Microsoft's "TDD recommendations" have stirred things up: Alan Francis is too shocked to comment; Mike Feathers seems saddened; Ron Jeffries is quite grumpy about it; Scott Bellware is puzzled.
Kent Beck told us that his definition of TDD is Test First Programming plus Incremental Design: the Microsoft Recommendation is not TDD, but is it evil? To be honest, it's not far off how I started to Junit way back in '99 and I benefited from that. As a step on the road to TDD, it may not be so bad but as an end in itself it is dangerous: the greatest danger is that the benefits of post-design testing may not be sufficient to keep the coders. It's a small step from interface first programming to test after. Test-after takes you further away from Test Driven and closer to "test when (if) I get round to it" or "test after this release is out of the way".

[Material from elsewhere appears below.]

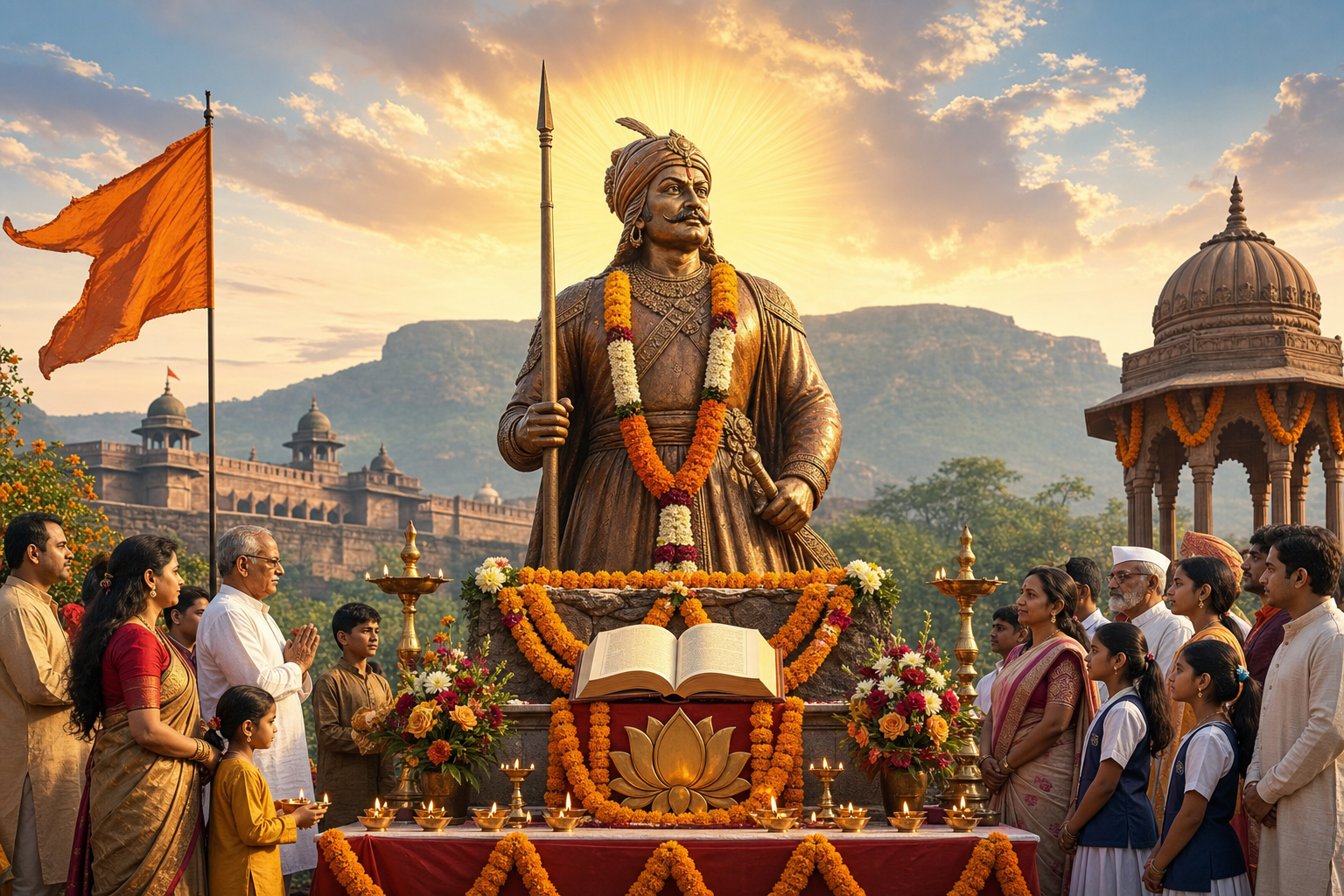 Maharana Pratap Jayanti commemoration in Satara with a garlanded statue, saffron flag, lamps, and community gathering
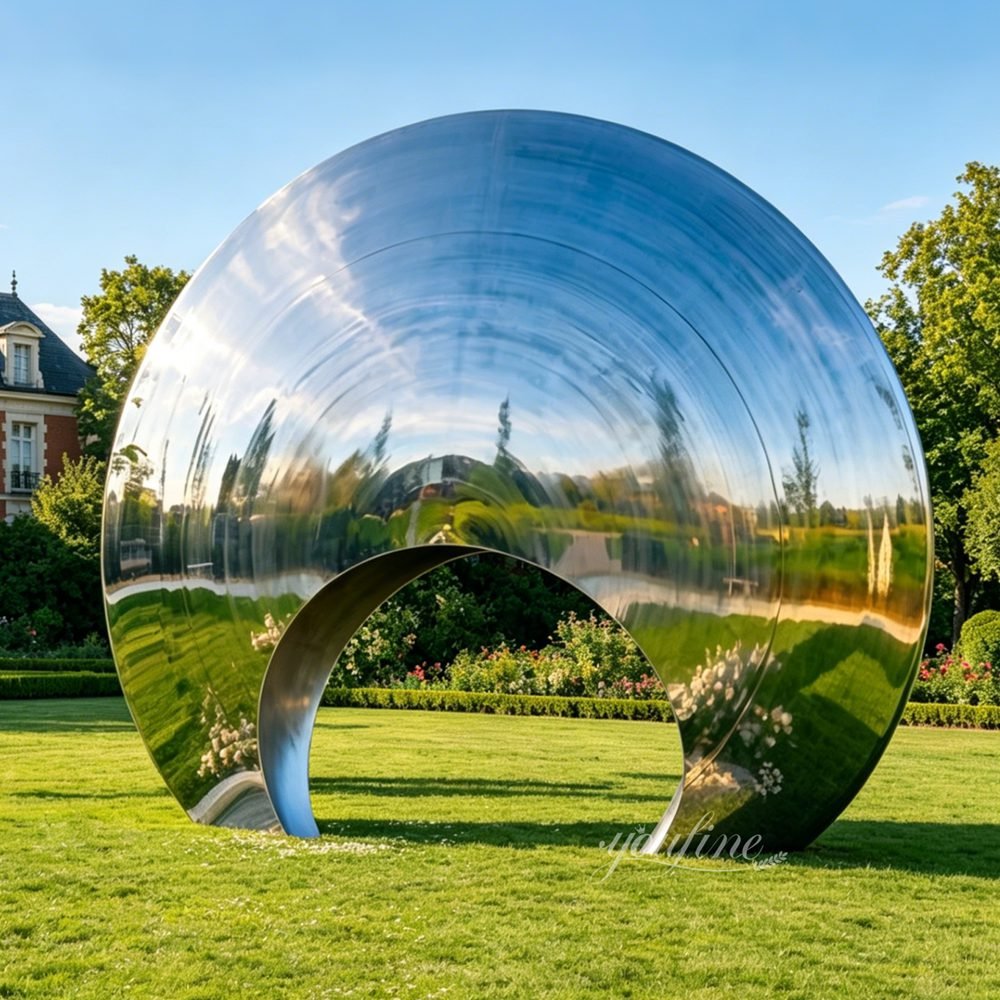Modern Stainless Steel Moongate Sculpture for Garden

Another danger to bulk test writing is that some tests may never pass. I once joined a project to discover that the tests were only running at about 75% success; the developer most responsible argued that the failing tests were a reminder of things to be done; his failing tests encouraged other failing tests in a classic example of "Broken Windows". Refactoring, or even adding functionality out of one's own silo, was much more difficult than it needed to be as it was hard to tell if something had been broken.

1 Comments:
Another danger of test afterwards is that you don't notice broken tests that pass when they shouldn't. If you always write a failing test and then make that test pass, you get quick feedback both on the design of your code and on the quality of the tests.